• **What is expected**:
Leave the pictures out and write out the rest of the listing word for word.

• **Source data**:
------------------------------------------------------------------------
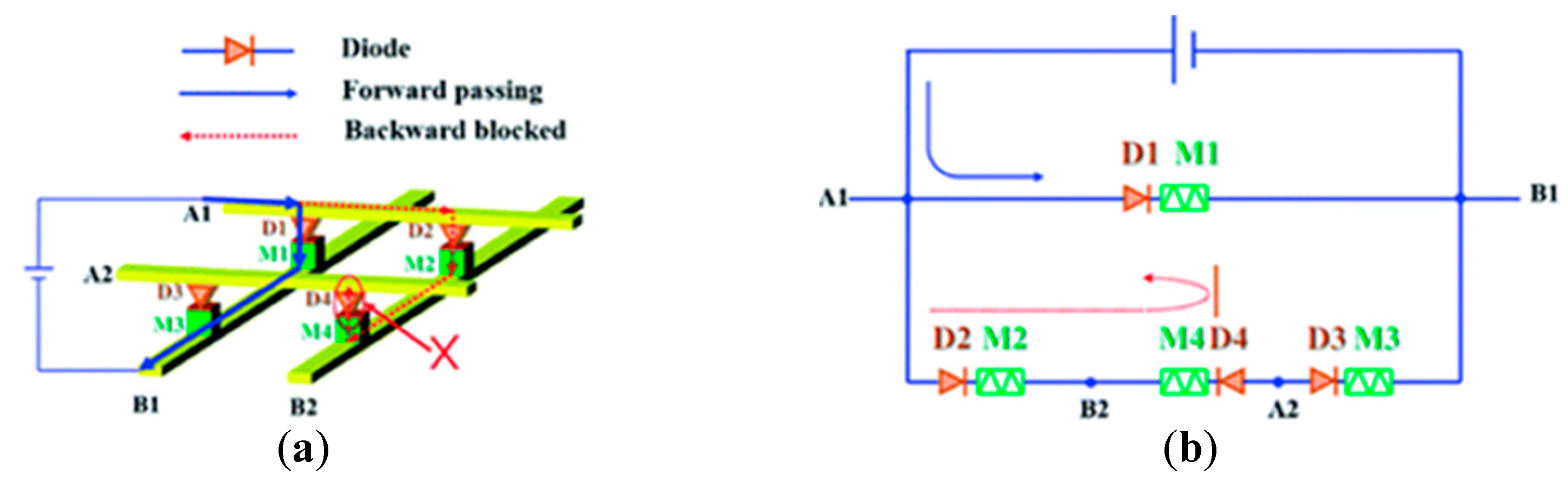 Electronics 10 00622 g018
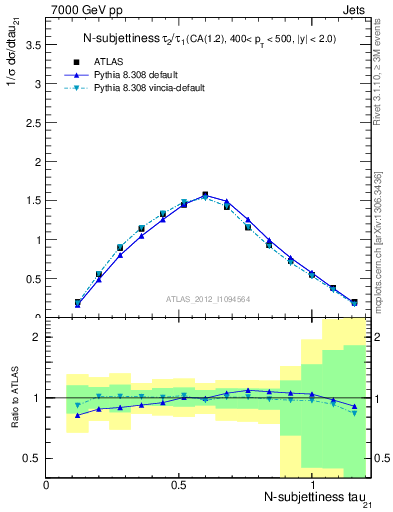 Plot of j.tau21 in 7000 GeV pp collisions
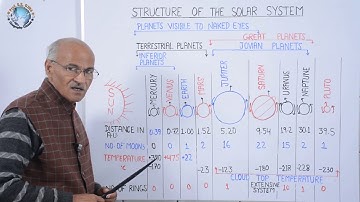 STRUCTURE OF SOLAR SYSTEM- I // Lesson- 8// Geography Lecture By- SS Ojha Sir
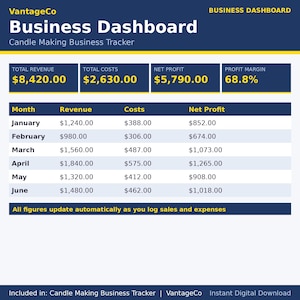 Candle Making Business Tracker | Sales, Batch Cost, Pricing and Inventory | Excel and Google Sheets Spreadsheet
------------------------------------------------------------------------
• **Solution**:
 Electronics 10 00622 g018
 Plot of j.tau21 in 7000 GeV pp collisions
 STRUCTURE OF SOLAR SYSTEM- I // Lesson- 8// Geography Lecture By- SS Ojha Sir
 Candle Making Business Tracker | Sales, Batch Cost, Pricing and Inventory | Excel and Google Sheets Spreadsheet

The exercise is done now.